━━━ GIVEN INFORMATION

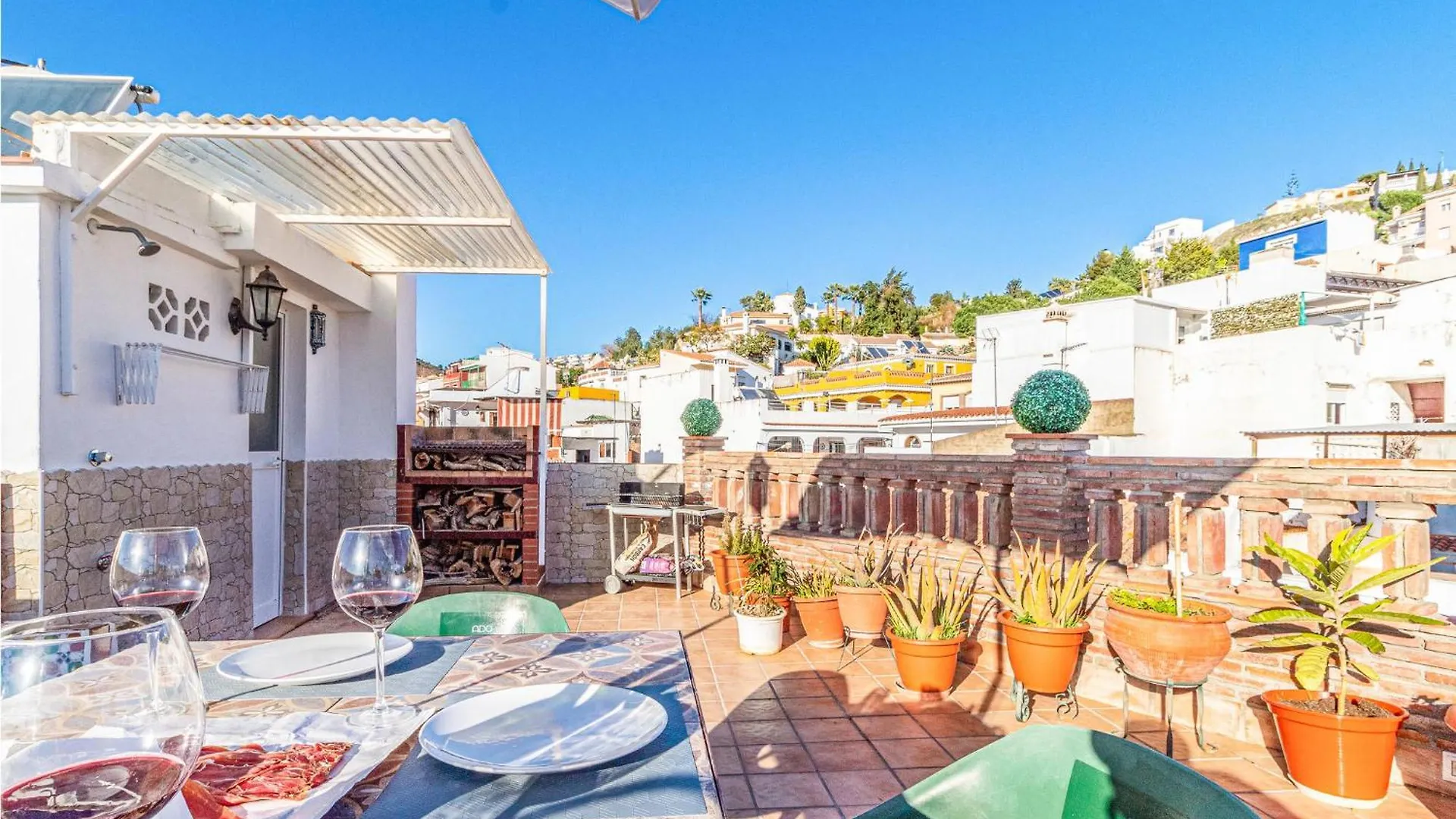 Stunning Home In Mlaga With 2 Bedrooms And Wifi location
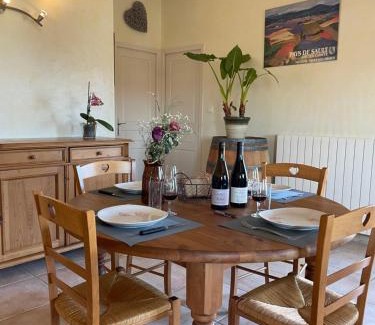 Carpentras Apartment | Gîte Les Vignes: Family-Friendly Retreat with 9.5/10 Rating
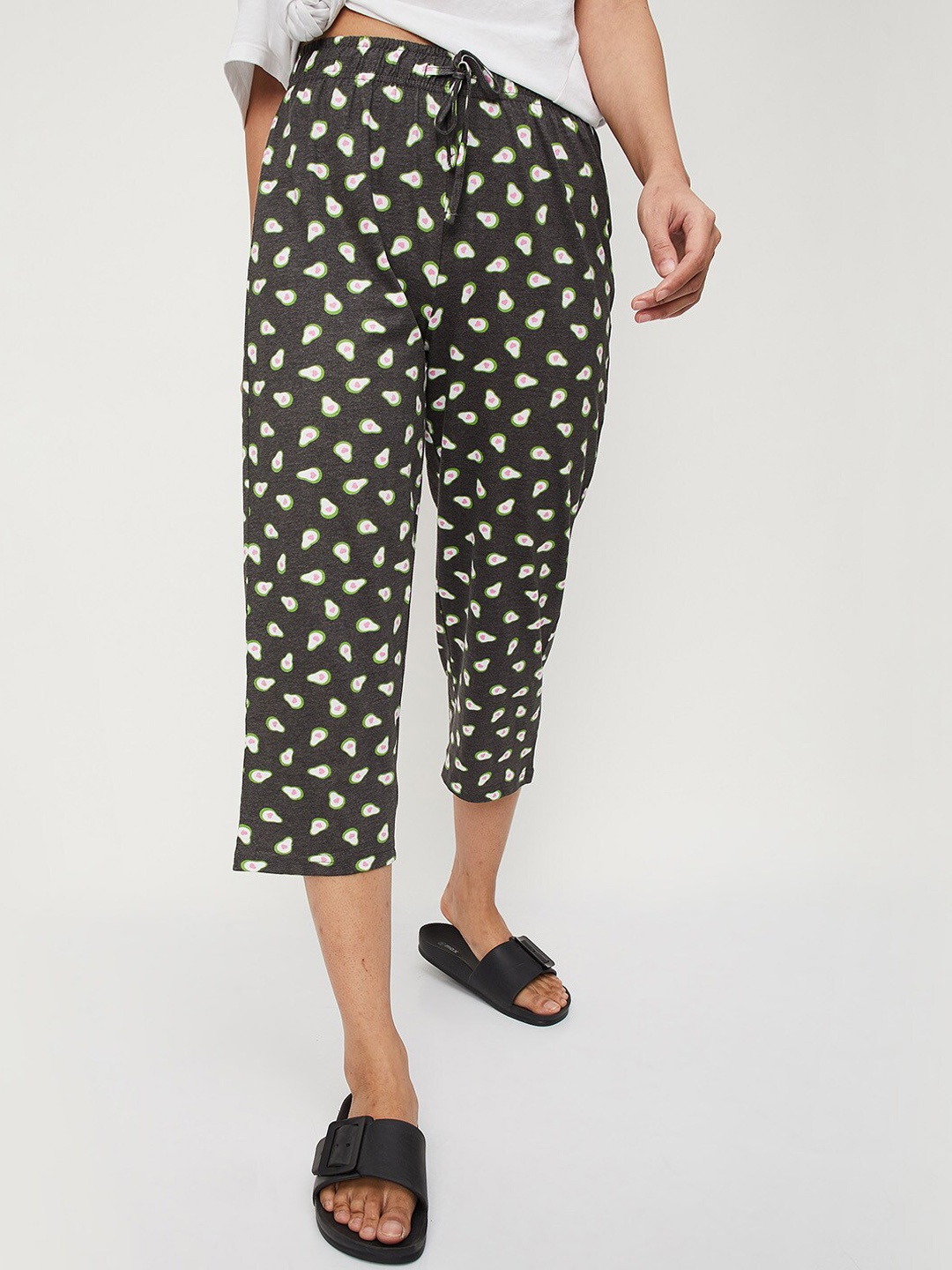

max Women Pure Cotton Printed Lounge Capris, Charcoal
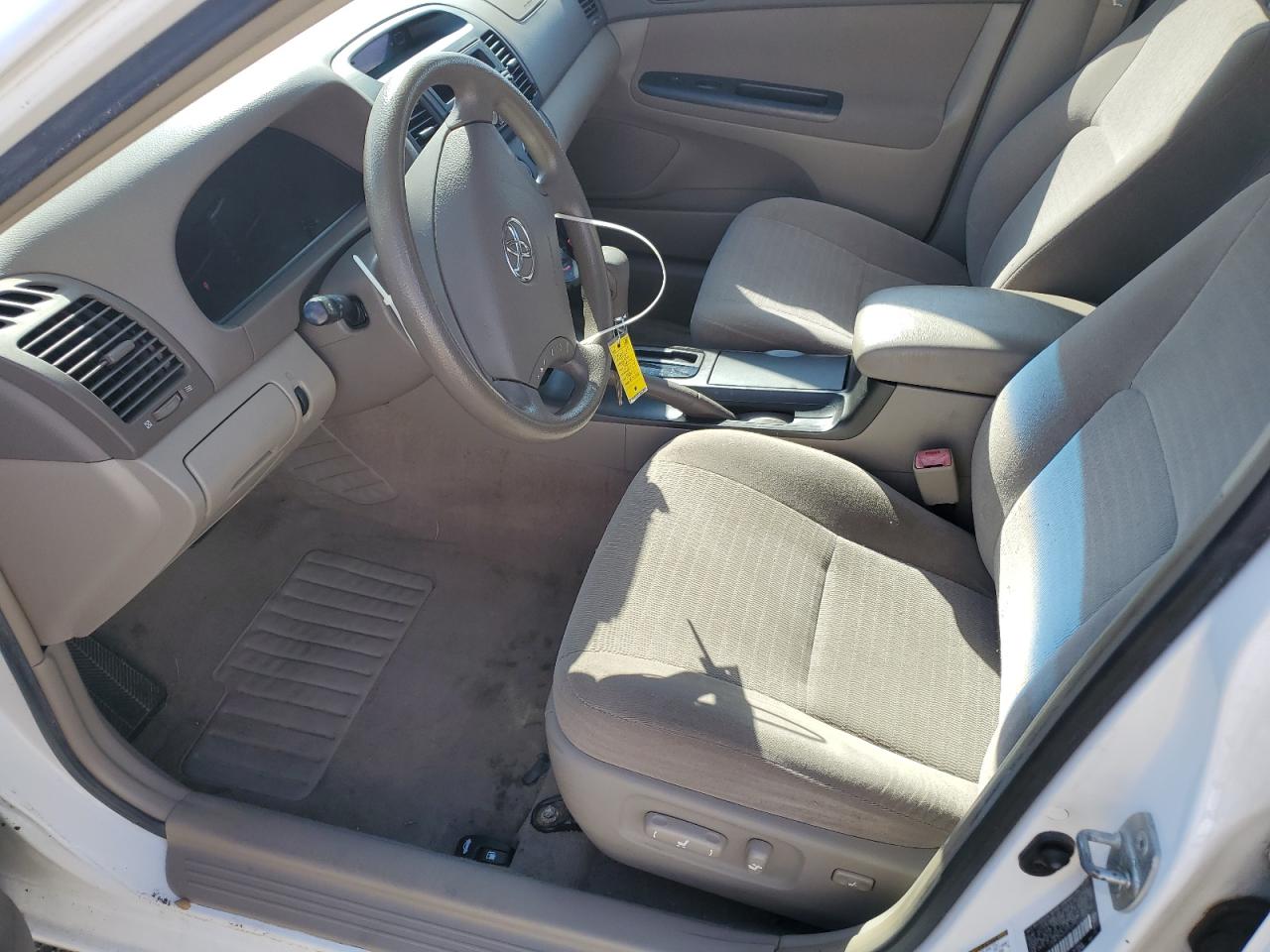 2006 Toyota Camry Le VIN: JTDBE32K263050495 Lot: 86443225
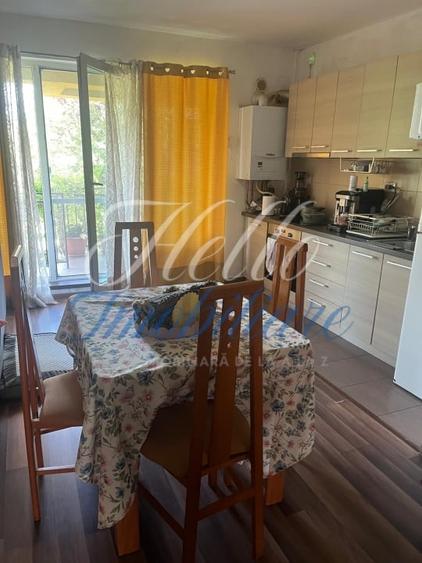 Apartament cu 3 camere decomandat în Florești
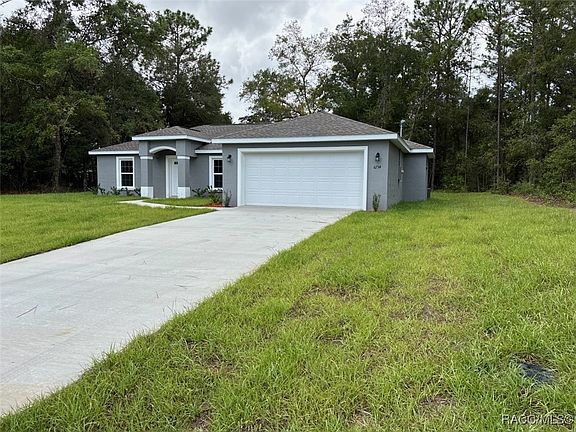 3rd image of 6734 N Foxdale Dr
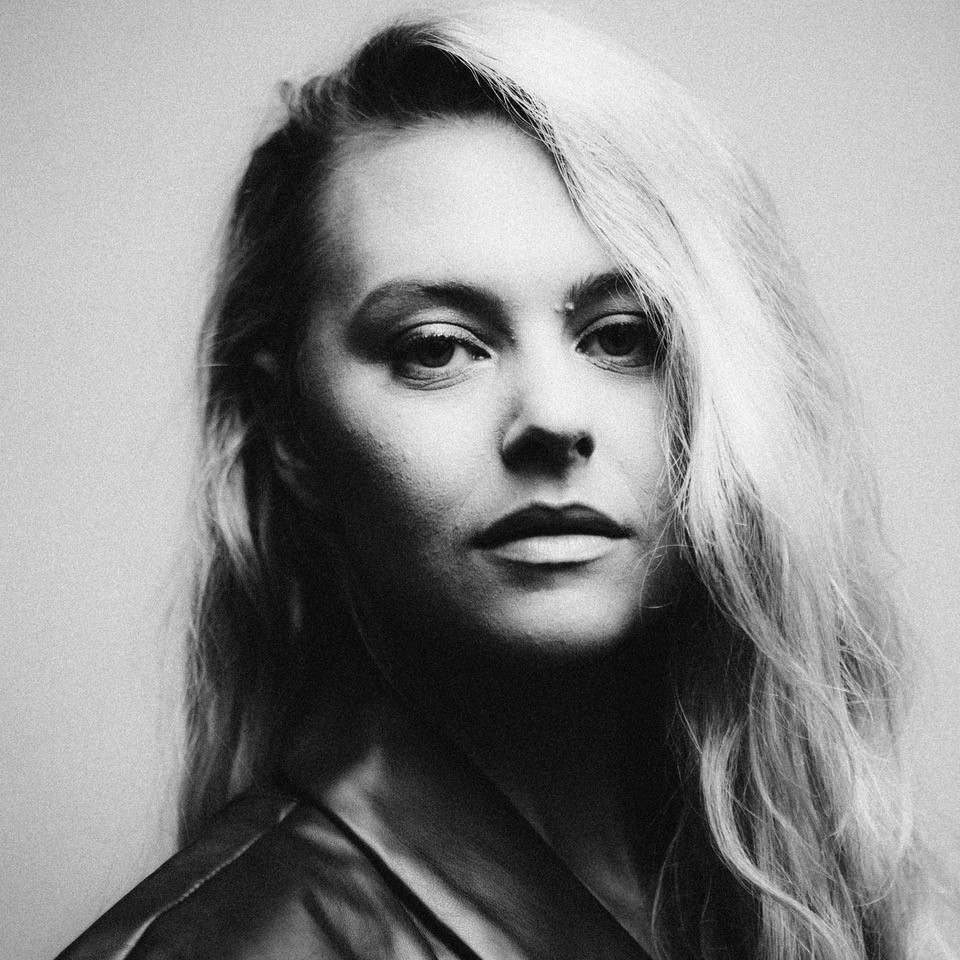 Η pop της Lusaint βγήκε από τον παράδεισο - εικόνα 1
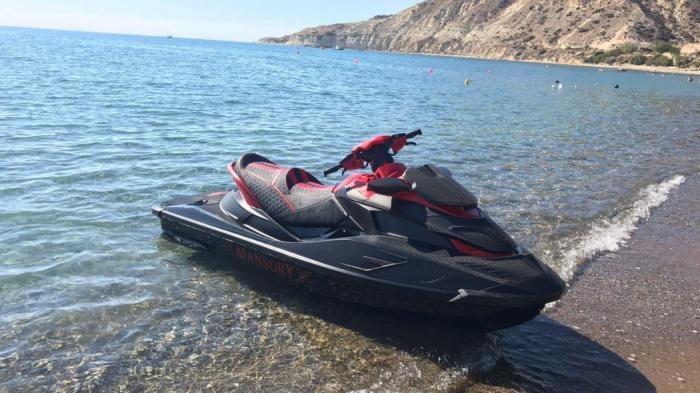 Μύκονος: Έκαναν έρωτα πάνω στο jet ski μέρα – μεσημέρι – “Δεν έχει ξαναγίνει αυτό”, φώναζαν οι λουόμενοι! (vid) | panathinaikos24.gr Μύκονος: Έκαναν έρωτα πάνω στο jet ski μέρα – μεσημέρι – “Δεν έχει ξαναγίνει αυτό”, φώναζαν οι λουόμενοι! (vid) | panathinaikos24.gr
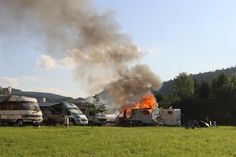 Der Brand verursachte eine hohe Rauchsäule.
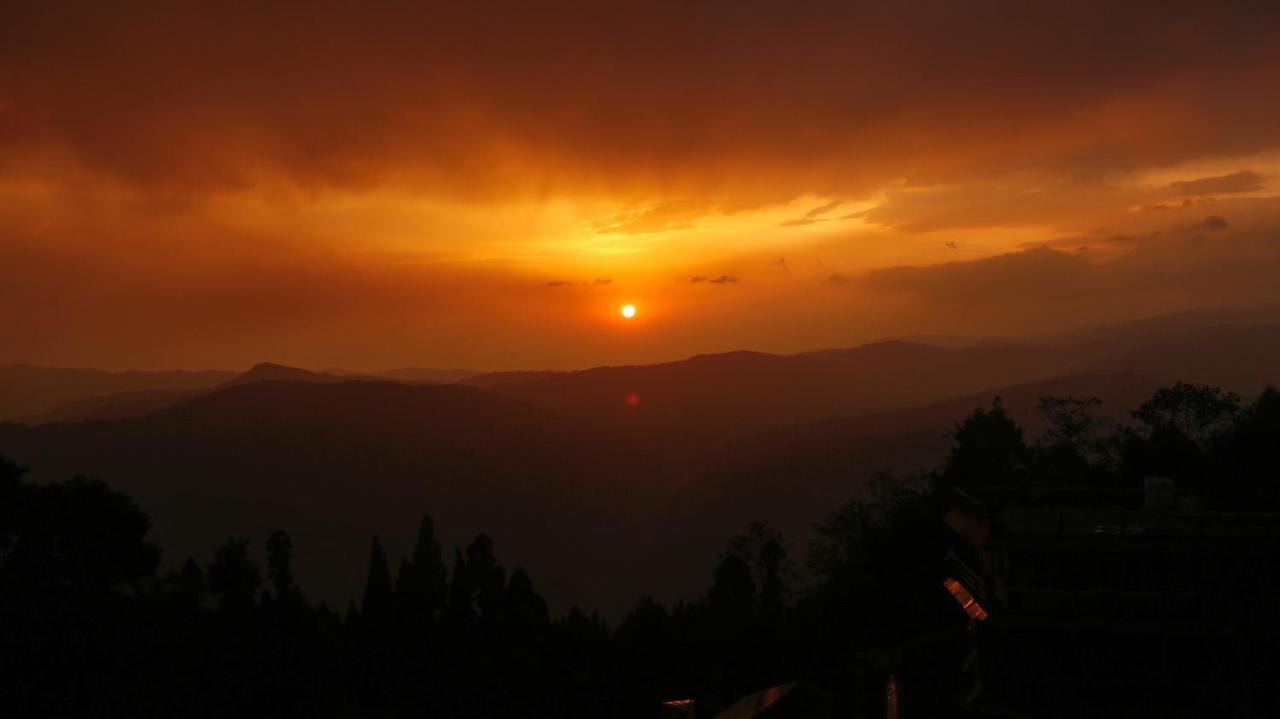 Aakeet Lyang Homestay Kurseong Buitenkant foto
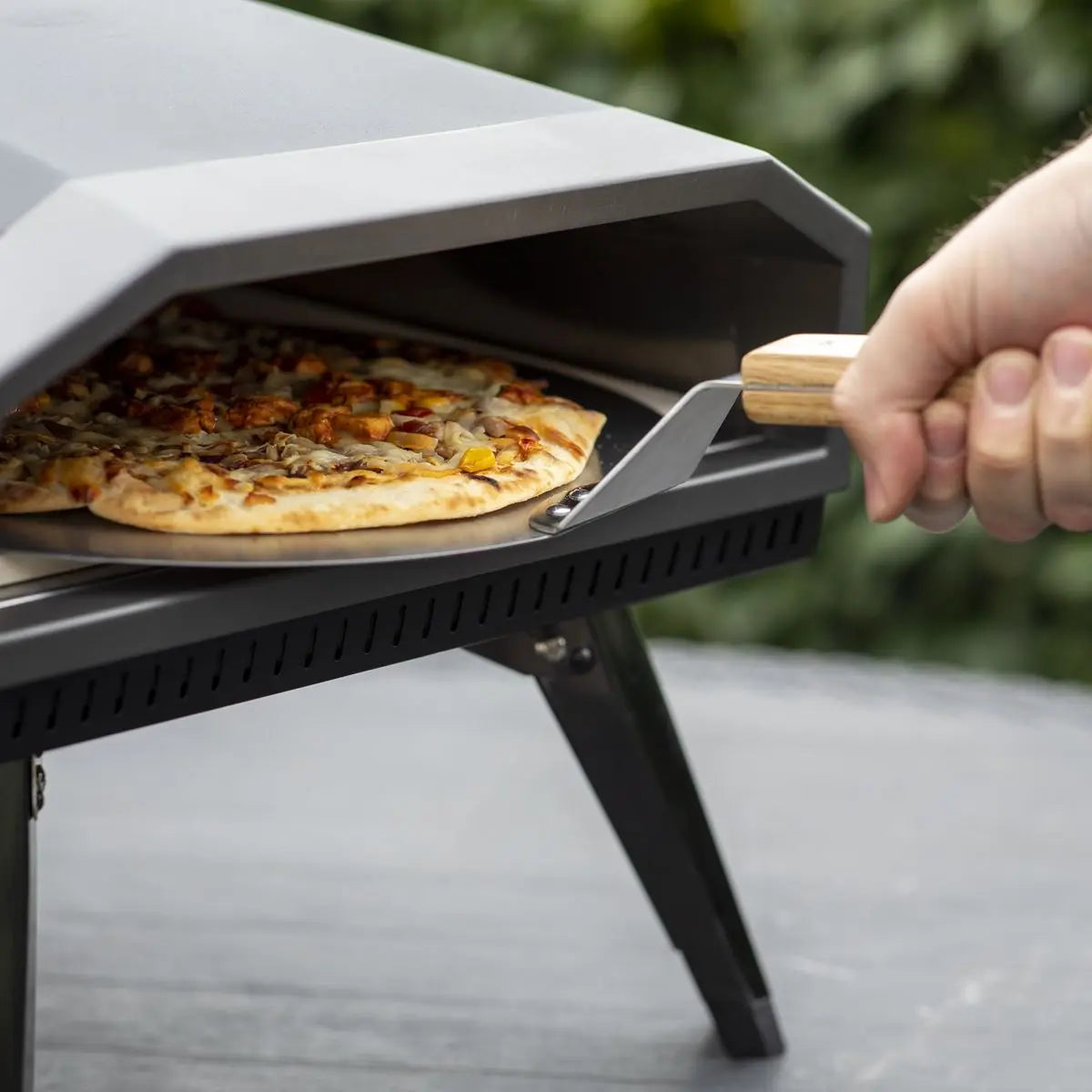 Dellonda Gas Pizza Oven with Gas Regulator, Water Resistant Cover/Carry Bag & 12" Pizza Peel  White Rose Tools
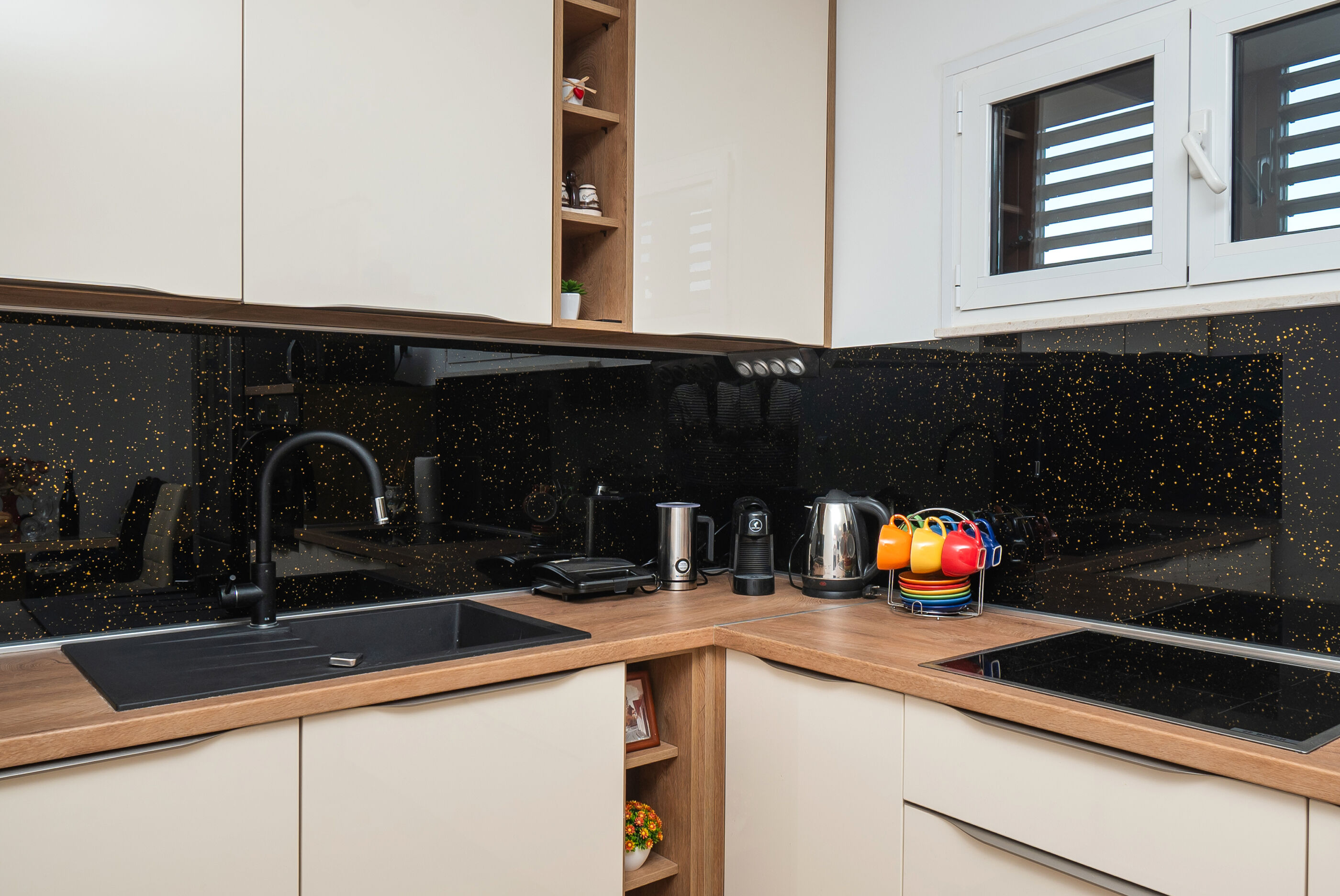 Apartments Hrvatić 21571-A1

━━━━━━

- [TRY IT]
Treating the line with "Η pop της Lusaint" as the last line to include, retype the records exactly from their first line, excluding pictures.

- [ANSWER TO THIS PROBLEM]
 Stunning Home In Mlaga With 2 Bedrooms And Wifi location
 Carpentras Apartment | Gîte Les Vignes: Family-Friendly Retreat with 9.5/10 Rating

max Women Pure Cotton Printed Lounge Capris, Charcoal
 2006 Toyota Camry Le VIN: JTDBE32K263050495 Lot: 86443225
 Apartament cu 3 camere decomandat în Florești
 3rd image of 6734 N Foxdale Dr
 Η pop της Lusaint βγήκε από τον παράδεισο - εικόνα 1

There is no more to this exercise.